Test file error: invalid command name
"::tcltest::constraints::cset"
while executing
"::tcltest::constraints::cset testthread"
(file
"/usr/local/homes/zv/sf/core-8-4-branch/tests/thread.test"
line 1)
timer.test
....

Another thing is: you should beware of pthread_once. This is not
defined in many posix-thread implementations. Safer is to use
mutex and a static int to simulate the behaviour.

I will yet have to make some tests here. Where I have a bad
feeling is the lock order of mutexes. You are basically looping
thru all Tcl-created mutexes in an linear fashion but this
might
lead to deadlocks I'm afraid. The Tcl mutexes are of dynamic
nature and users can creaet and lock them in any arbitrary
order. I still have to verify that this won't dwarf the
effort, i.e.
lead to a deadlock just before the fork.

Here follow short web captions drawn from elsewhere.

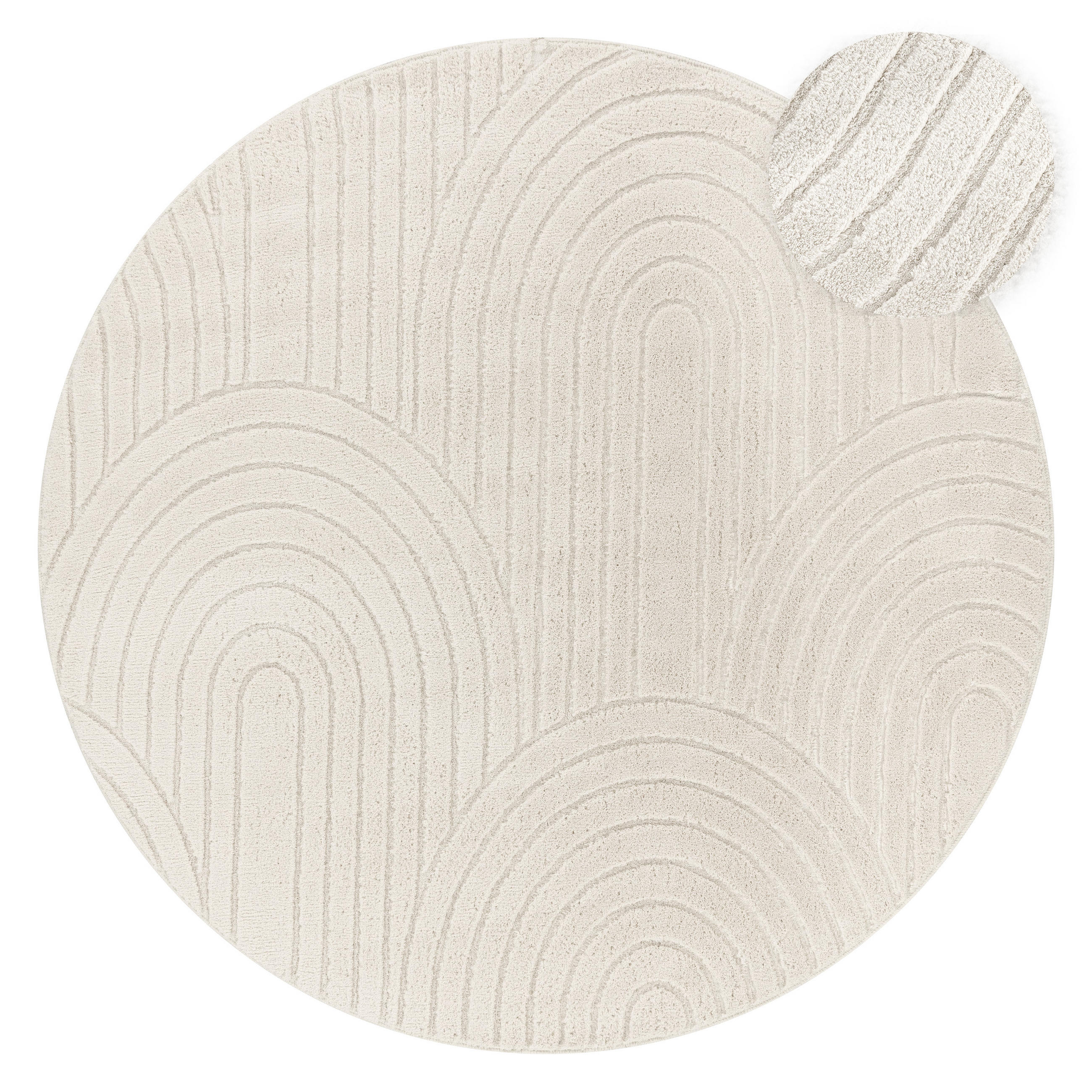 HOCHFLORTEPPICH 160/160 cm Tokio 471 - Creme, Textil (160/160cm) - Paco Home
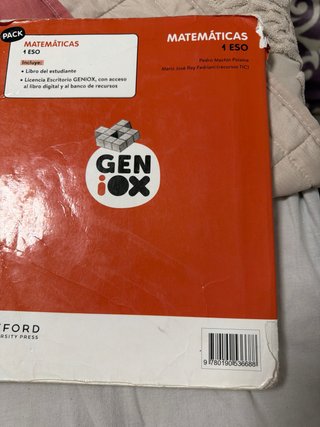Libro matemáticas 1eso Geniox- oxford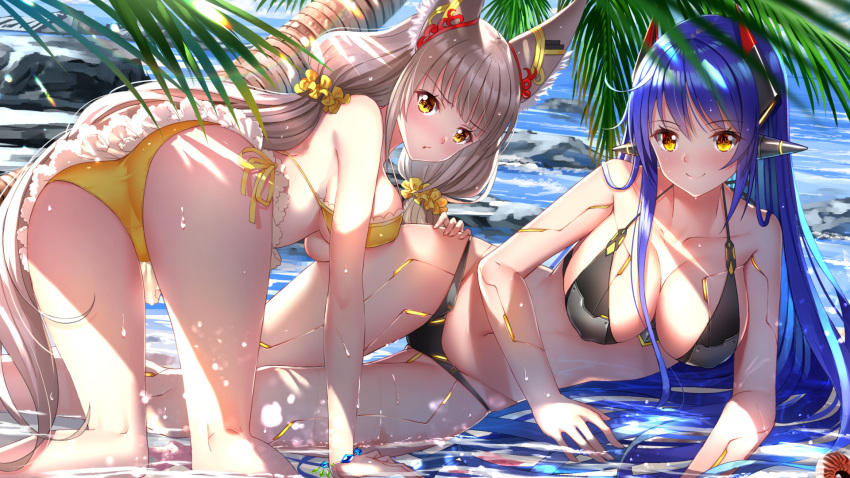 2_girls aged_up all_fours android animal_ear_fluff animal_ears ass big_breasts bikini black_bikini blue_hair blurry blurry_foreground blush cleavage closed_mouth commentary_request covered_erect_nipples day depth_of_field female_focus gluteal_fold grey_hair hair_between_eyes hair_ornament hair_scrunchie headgear high_res long_hair looking_at_viewer lying multiple_girls navel nia nia_(blade)_(xenoblade) nia_(xenoblade) nintendo niyah on_side outside palm_tree poppi_(xenoblade) poppi_qtpi_(xenoblade) robot_ears scrunchie shallow_water side-tie_bikini_bottom smile spoilers strap_gap sunlight swimsuit swordsouls thigh_gap tree very_long_hair water xenoblade_(series) xenoblade_chronicles_2 yellow_bikini yellow_eyes yellow_scrunchie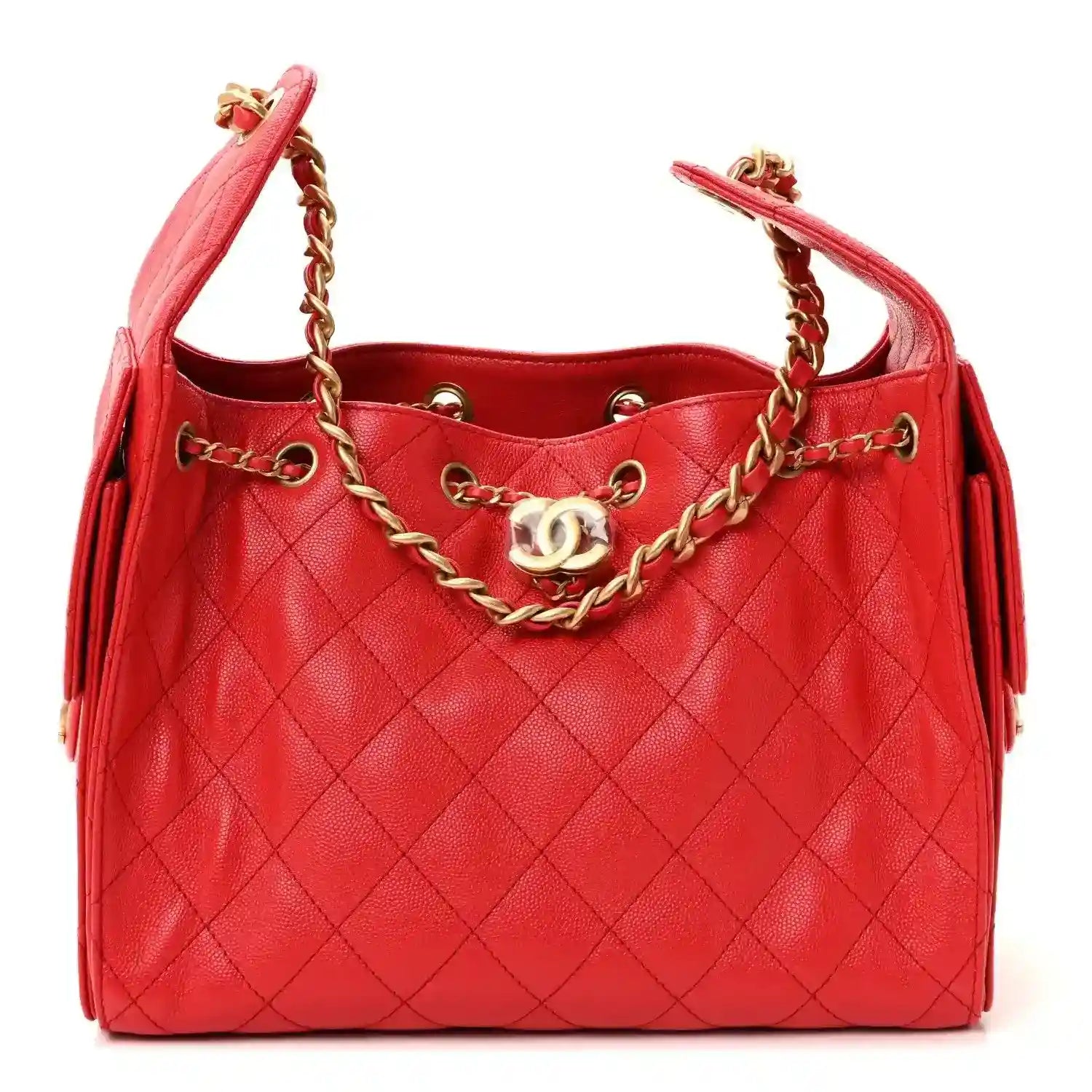Quilted leather handbag with chain strap, burgundy, CC turn-lock at front.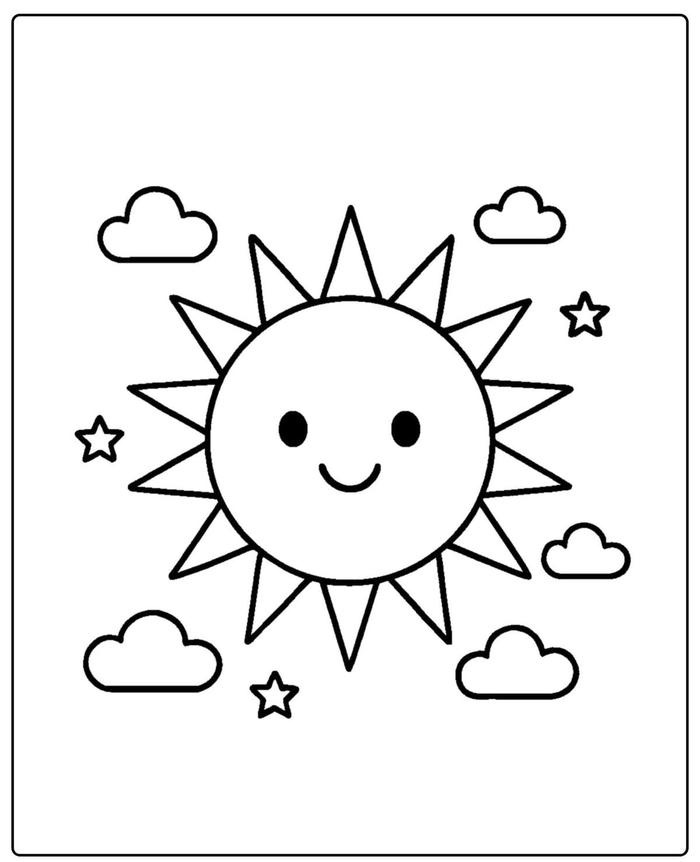 Bức tranh tô màu ông mặt trời đang cười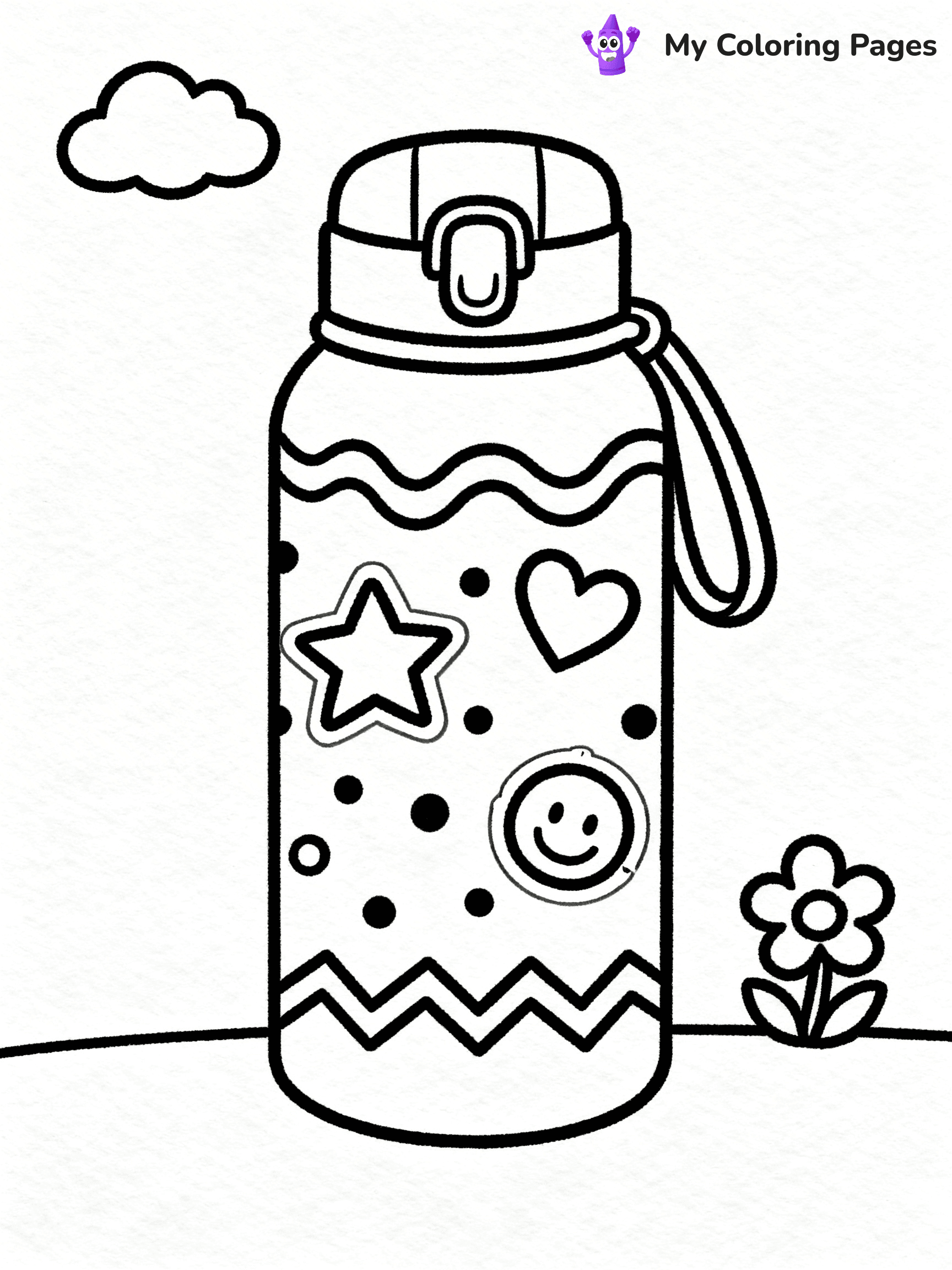 Water Bottle Coloring Pages - 15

This will take some
time.

Also, the patch provided is ment for 8.4 branch only, right?

Zoran

If you would like to refer to this comment somewhere else in this project, copy and paste the following link:

Donal K. Fellows - 2004-06-17

Logged In: YES
user_id=79902

Speaking as someone who recently went through the core test
suite fixing up constraint setup and use, that should just
refer to:

# Set operation...
tcltest::testConstraint testthread \
[llength [info commands testthread]]
# Read operation...
if {[tcltest::testConstraint testthread]} { ...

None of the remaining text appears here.